Character Analysis
Poor Watson: he kind of gets the short end of the stick. The fuzzy end of the lollipop. A bum rap. All twelve of these stories are told from his first-person perspective, and yet, when we look back at our "In a Nutshell" and "What's Up With the Title?" sections, we notice that we've barely mentioned his name. After all, these stories aren't called The Adventures of Sherlock Holmes and Doctor Watson; on the contrary, Watson is constantly building up Holmes's glamour at the expense of his own.
Think of how many times Watson admits that Holmes seems to have solved the case without having any clue how Holmes has done so. Or how often Holmes asks Watson what he has observed of a visitor, only to find that Watson has missed every important detail. We can't help but cringe a little when Holmes says to him, "You did not know where to look, and so you missed all that was important" (Identity.83). Or when Watson gives up in the middle of "The Boscombe Valley Mystery," exclaiming, "What a tissue of mysteries and improbabilities the whole thing was!" (Valley.104).

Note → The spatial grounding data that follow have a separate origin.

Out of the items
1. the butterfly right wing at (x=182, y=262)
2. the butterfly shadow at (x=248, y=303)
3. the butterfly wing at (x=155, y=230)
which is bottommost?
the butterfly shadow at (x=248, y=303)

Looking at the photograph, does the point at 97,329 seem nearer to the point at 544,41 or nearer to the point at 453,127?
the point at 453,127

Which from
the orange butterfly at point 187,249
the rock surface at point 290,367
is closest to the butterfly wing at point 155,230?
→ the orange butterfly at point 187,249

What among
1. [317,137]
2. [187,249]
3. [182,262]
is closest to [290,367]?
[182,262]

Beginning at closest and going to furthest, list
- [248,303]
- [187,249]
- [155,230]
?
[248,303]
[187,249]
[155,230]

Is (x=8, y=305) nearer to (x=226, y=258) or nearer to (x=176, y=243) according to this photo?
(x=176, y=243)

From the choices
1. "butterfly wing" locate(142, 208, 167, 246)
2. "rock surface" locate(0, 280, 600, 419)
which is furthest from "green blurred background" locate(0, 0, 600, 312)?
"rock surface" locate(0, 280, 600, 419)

The thing is, though, Watson is awesome in his own right. He was an army doctor in Afghanistan, and only came back to England once he got a rifle wound to the leg. He's the one who always carries the gun in he and Holmes's most dangerous encounters (see the dealings with John Clay and "The Red-Headed League" or with Mr. Rucastle, the dog Carlo, and "The Copper Beeches"). What's more, Watson is actually able to sustain a job and engage in healthy human relationships with more than one person (we assume, what with him being married and apparently having non-Holmes friends here and there). He's played by Jude Law in the 2009 Sherlock Holmes movie, for crying out loud: he's fabulous. Can we get a little love for Dr. Watson up in here?
So why is Watson so modest? Watson isn't just complimenting Holmes, as in, telling us how great he is. He's also complementing Holmes, or in other words, showing us Holmes's genius by providing a constant point of comparison. After all, Watson's a smart man – a medical doctor with a clear, cool writing style. He's someone we respect. And if Holmes is smart enough to make a war vet doctor feel dumb, well then, Holmes must be brilliant.

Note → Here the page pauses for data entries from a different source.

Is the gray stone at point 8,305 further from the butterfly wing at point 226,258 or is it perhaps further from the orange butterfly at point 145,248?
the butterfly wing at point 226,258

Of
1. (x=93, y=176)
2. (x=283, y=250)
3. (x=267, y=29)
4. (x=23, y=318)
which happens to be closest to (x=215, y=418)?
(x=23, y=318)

Watson provides a foil for Holmes, but he's a sympathetic, friendly foil. This isn't a Holmes/Inspector Lestrade-style hostile opposition. Watson fills in gaps that Holmes lacks: he's the one who adds human interest to Holmes's stories, and who provides medical assistance that Holmes can't handle (see, for example, Mr. Rucastle in "The Copper Beeches").

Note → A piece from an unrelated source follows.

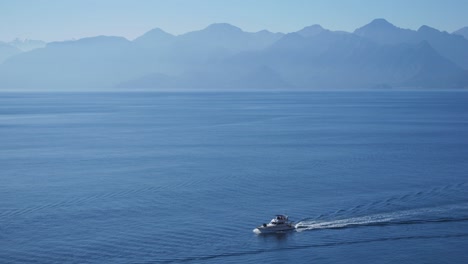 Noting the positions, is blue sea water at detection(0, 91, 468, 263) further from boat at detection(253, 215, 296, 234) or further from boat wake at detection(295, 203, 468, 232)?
boat at detection(253, 215, 296, 234)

Watson and "Tales of Ratiocination"
Way back in "In a Nutshell," we mentioned that Conan Doyle based the Holmes/Watson dynamic on the earlier detective duo of C. Auguste Dupin and the unnamed narrator from Edgar Allan Poe's "Murders in the Rue Morgue." Poe describes his mystery stories as "tales of ratiocination," in which the reader is supposed to spend a lot of time picking up clues and solving puzzles. In other words, the story is supposed to be something like a brainteaser.
For more on Poe's tales, check out our guide to "Murders in the Rue Morgue"; here we'll just say that the problem with making a story like a brainteaser is that, you know, a good game of Sudoku doesn't usually involve much character development. If a storyteller emphasizes the rational solutions part of a mystery novel too much, it's easy to skip over what makes a tale compelling: people you can identify with.
Here's where Watson steps in and makes Holmes the greatest fictional detective ever. Watson makes cold, calculating Holmes…human. Sure, Watson keeps mentioning that Holmes despises feelings and whatnot. At the same time, the clear bromance that ties the two guys together – their mutual friendship and respect – really speaks well of both of them as sympathetic, cool human beings. Watson also manages to bring out the passionate side of Holmes's supremely intellectual work. After all, all that social feeling that Holmes lacks has to go somewhere; he clearly puts it to good use when he's on the hunt for clues:
Sherlock Holmes was transformed when he was hot upon such a scent as this. Men who had only known the quiet thinker and logician of Baker Street would have failed to recognize him. His face flushed and darkened. His brows were drawn into two hard black lines, while his eyes shone out with a steely glitter (Valley.130).
This thick description is, first of all, really evocative, and it adds a layer of linguistic pleasure to the whole let's-solve-crime! aspect of the detective story. But secondly, Watson makes this abstract process of intellectual reasoning seem, well – we'll just come out and say it – sexy. There's a point later on in the same passage when Watson describes Holmes's "purely animal lust for the chase." How can a reader not find a mental exercise appealing that makes the detective feel "animal lust"? Sign us up for solving crime if this is what it's like!
And it's Watson's literary talents that bring about this interest on the part of the reader; Holmes, on the contrary, wants records of "that severe reasoning from cause to effect which really the only notable feature about [detective work]" (Beeches.3). Sounds dull as ditchwater to us – we'd take Watson's "colour and life" over Holmes's "severe reasoning" any day.